Thresholds of Behavioral Flexibility and Environmental Turbulence for Group Success
Jones-Rooy, Andrea (University of Michigan)
Agent adaptability — the ability of agents to change behavioral strategies when it is beneficial to do so — is presumed to be an important part of the robustness of complex adaptive systems (CAS). But, determining when changing behaviors is advantageous for agents has proven quite challenging in CAS research, as sometimes behavioral change is necessary, but other times it can impose costs that exceed benefits. I present the results from experiments using an agent-based model (ABM) designed to discover thresholds after which behavioral flexibility leads to improved societal-level outcomes in groups of agents in dynamic environments. The first major result is that there are thresholds in both levels of flexibility in agent behavior and in levels of turbulence in the environment below and above which there are marked differences in utility gains for agents. In particular, relatively high flexibility leads to lower overall utility scores, as well as, surprisingly, decreased diversity and increased inequality between agents. The second result is that at very high levels of environmental turbulence, the effects of the environment alone on agent utility overshadow any benefits to agents from flexible behavior strategies. This suggests, counter-intuitively, that the best strategy for agents in very dynamic environments is simply to keep behavior constant. The third major result is that there is an interaction between agent behavior and the environment: high flexibility of other agents can effectively make an environment more "dynamic", which just fuels more flexibility, and leads to a scramble between different strategies with no utility gain. A final theoretical contribution of the paper is that the model is able to show drawbacks to flexibility without relying on costs to changing behavior, as is done in much of the literature on strategy change.
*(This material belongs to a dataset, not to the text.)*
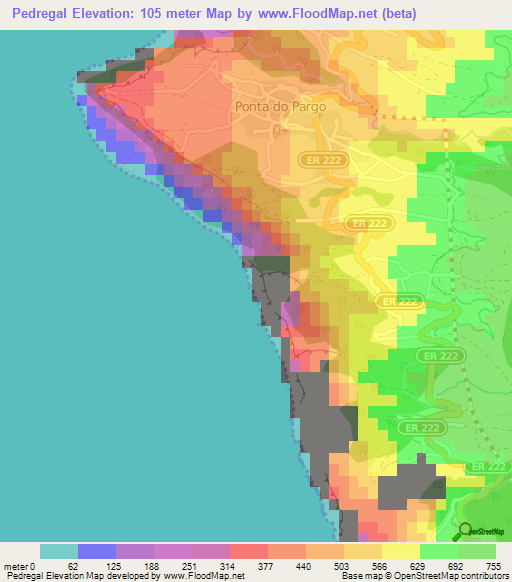 Pedregal,Portugal Elevation Map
Dynamics of Price Sensitivity and Market Structure in an Evolutionary Matching Model
Drutchas, Griffin Vernor (Kalamazoo College) | Érdi, Péter (Kalamazoo College)
The relationship between equilibrium convergence to a uniform quality distribution and price is investigated in the Q-model, a self-organizing, evolutionary computational matching model of a fixed-price post-secondary higher education created by Ortmann and Slobodyan (2006). The Q-model is replicated with price equaling 100% its Ortmann and Slobodyan (2006) value, Varying the fixed price between 0% and 200% reveals thresholds at which the Q-model reaches different market clustering configurations. Results indicate structural market robustness to prices less than 100% and high sensitivity to prices greater than 100%.